- **Instructions for the task**
Look for "hands" in the records and copy every line that has it.

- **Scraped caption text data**
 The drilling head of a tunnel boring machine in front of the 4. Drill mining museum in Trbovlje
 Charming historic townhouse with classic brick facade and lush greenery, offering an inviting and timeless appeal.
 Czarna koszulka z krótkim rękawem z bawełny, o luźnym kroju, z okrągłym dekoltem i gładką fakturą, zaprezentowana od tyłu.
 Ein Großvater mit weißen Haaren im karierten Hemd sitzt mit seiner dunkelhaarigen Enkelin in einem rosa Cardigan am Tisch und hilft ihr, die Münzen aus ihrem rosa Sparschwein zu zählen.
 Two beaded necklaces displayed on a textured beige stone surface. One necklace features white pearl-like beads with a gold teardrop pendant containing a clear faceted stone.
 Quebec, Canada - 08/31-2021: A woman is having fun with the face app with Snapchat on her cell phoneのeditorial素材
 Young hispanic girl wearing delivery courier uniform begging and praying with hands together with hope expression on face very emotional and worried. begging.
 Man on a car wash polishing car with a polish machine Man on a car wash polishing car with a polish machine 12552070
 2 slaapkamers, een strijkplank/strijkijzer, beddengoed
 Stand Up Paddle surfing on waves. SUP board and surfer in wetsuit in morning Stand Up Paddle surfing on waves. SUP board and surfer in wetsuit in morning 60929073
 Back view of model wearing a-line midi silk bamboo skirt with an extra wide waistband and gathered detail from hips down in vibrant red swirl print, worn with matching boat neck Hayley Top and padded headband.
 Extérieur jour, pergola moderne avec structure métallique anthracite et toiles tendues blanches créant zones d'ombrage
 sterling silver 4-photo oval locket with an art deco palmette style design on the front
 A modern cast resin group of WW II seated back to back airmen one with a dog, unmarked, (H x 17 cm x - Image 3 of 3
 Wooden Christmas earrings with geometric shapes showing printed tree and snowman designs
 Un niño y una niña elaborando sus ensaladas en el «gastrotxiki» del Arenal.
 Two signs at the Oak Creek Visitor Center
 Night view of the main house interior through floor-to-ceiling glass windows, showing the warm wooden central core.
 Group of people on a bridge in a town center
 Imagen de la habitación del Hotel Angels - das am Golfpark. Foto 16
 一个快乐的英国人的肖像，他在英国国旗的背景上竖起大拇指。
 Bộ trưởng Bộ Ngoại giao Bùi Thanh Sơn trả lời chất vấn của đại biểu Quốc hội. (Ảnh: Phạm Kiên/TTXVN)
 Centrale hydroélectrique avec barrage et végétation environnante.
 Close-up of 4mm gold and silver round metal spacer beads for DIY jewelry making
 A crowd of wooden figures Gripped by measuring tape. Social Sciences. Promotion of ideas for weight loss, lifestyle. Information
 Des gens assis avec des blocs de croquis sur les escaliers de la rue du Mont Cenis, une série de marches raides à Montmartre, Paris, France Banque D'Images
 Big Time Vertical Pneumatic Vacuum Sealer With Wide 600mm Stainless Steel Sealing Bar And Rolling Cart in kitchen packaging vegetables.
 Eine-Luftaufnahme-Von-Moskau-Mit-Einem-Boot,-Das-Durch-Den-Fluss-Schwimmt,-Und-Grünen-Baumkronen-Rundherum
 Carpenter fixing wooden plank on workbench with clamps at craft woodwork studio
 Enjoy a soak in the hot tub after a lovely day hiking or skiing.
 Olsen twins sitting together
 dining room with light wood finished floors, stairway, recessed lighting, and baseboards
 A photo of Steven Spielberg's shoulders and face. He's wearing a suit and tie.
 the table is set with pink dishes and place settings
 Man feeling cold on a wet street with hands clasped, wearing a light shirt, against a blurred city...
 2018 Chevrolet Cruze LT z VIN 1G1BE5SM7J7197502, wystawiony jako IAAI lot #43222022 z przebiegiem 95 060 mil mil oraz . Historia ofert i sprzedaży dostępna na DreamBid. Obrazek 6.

- **Answer section**
 Young hispanic girl wearing delivery courier uniform begging and praying with hands together with hope expression on face very emotional and worried. begging.
 Man feeling cold on a wet street with hands clasped, wearing a light shirt, against a blurred city...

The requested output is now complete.